Internally: NYSE Up Volume as a percentage of total
volume peaked at 94% at 9:40 AM. It fell below 90% at about
10:45 AM. 90% is an excessive reading on this metric and
typically indicates a near-term high is at hand. This is the
highest reading seen over the course of the rally that began on
March 30. The NASD metric reached 93%, which is also its
highest level for the month and has since fallen below 90%.
If the signal plays out in accordance with its historical norm,
we should see a measurable correction developing by Monday
morning at the latest, likely sooner. I will temper this by
noting the market has managed to ignore virtually every
overbought reading or condition that has developed during the
month of April.
With the excessive nature of the open, and a portion of
expiration already in place (SPX options price based on
Friday's Open) there is healthy potential for Friday's opening
gap to be filled by Monday morning. Generally speaking, Fridays
tend to open OK and trade soft to down slightly until the final
hour, which tends to be stronger. Watch the Dow at 12,900 as a potential support level, which the NDX continues to trend lower.
The Big Picture. Based on current market structure in
conjunction with seasonal tendencies for years ending in 7.
The Grey line is the
"Every thing is Beautiful" scenario, which we are apparently
in. Under this assumption, while we may see a brief near-term
pullback, the market skates through May and into early summer
before difficulty surfaces. However, as is common with years
ending with 7, we see a serious pullback in late summer that
terminates in the typical October time frame. Bigger gains now
will likely translate into a more severe pullback later in the
year, that is if the market ever pulls back again.
The Blue Line is the
Preferred expectation. Under this path, something happens to
disrupt the current euphoria and pulls the market lower into
May. It doesn't have to test the March lows, but the idea is we
see a correction that lasts well into May. The correction would
server as something of a reality check to current traders and
set the stage for a powerful summer rally. However, the
cyclical forces of a year 7 should be difficult to overcome
resulting in a Q3 correction into the typical panic period.
The Red Line is the least
likely.
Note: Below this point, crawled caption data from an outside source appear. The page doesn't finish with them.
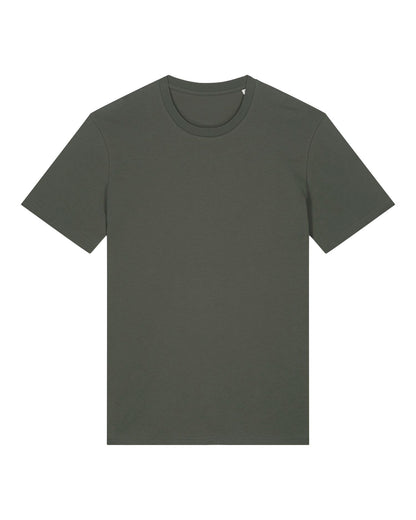 crafter khaki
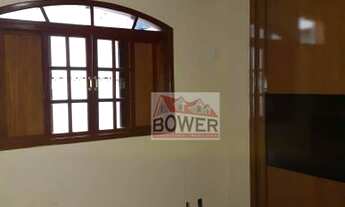 Imagem 5: Casa à venda, 128 m² por R$ 450.000,00 - Alcântara - São Gonçalo/RJ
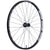 Race Face Era Wheel - 29"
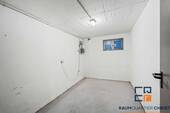 Kellerraum - 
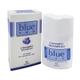 BLUE CAP Shampoo 75ml - Shampoos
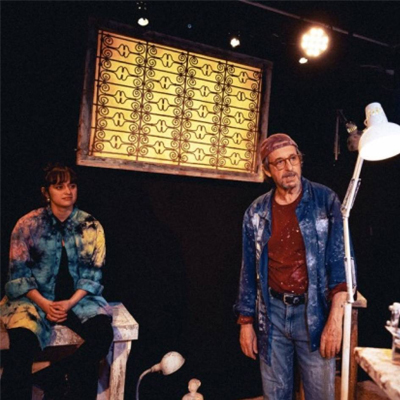 Teatre 'Loop'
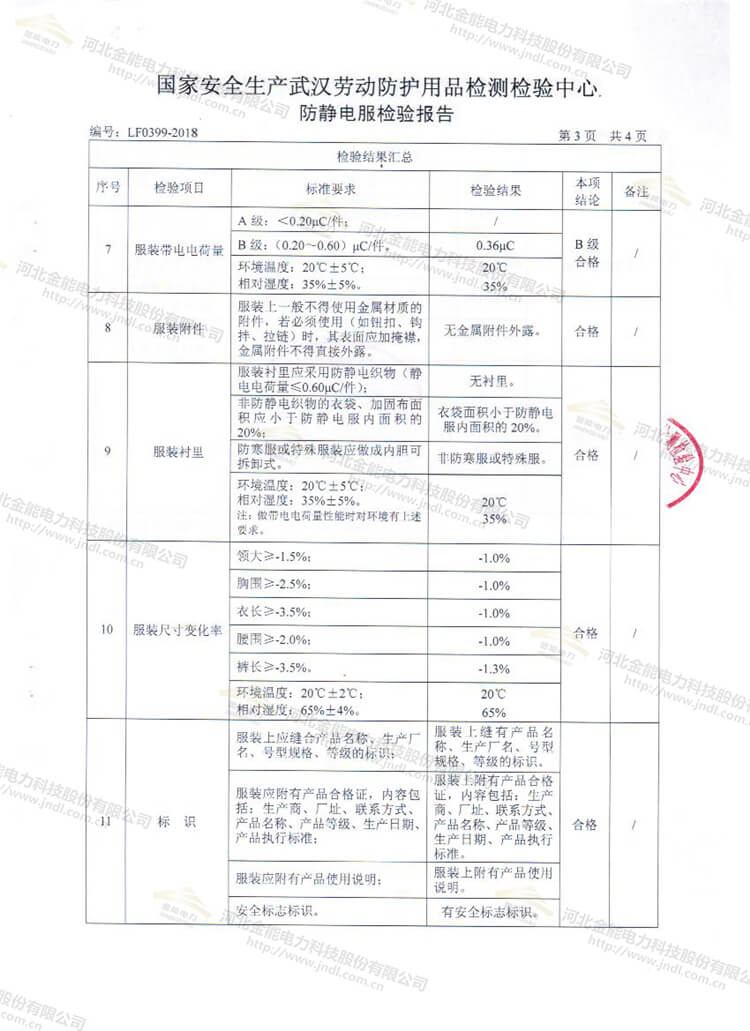 醉红颜论坛携手4887铁盘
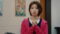 A Bona Fide Killer Season 1 Episode 3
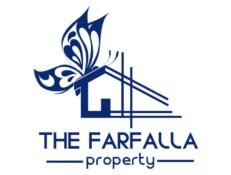 thefarfallaproperty.com
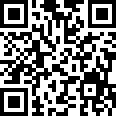 QRコード https://mirunuku.net/amateur/?cid=dejo001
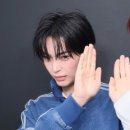 화본~이지간 테마도로 | 2025 제베원 월드투어 ④ 더이상 미룰 수 없어서 쓰는 흑발한빈 보러 대만가기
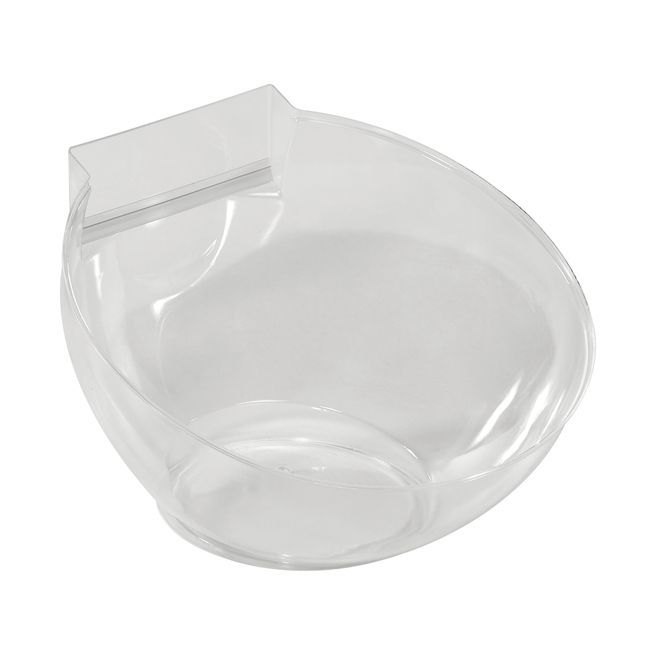 Warenschale Ø 300 mm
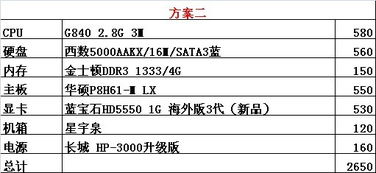 木木金的三才配置数理吉凶如何具体分析详解？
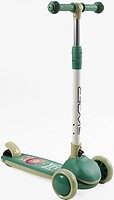 Фото Skyper MR-01174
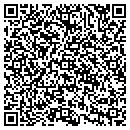 QR code with Kelly Rw Racing Stable contacts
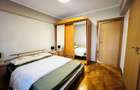 Apartament cu 3 camere , 70 mp- langa Iulius Mall Timisoara - 3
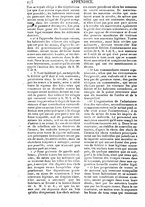 giornale/TO00175953/1831/unico/00000870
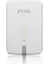 WRE6602 300MBPS-867MBPS Dual-Bant Kablosuz Ac Range Extender, Beyaz 2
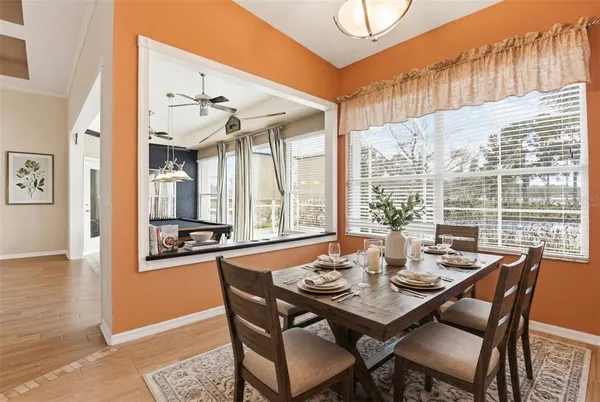 $435,000 | 1840 Tara Marie Lane, Port Orange, FL 32128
For this to play out the market would have to be at a
very important peak at this time, which seems less likely
considering the underlying strength of the US Economy.
The thing I like about the Blue line is what would happen with
to the 3-month PRS Time plane. A correction that lasts for two
to four weeks and pulls stocks well into the March range would
likely bring the PRS_3-90 line down into the ideal buy zone.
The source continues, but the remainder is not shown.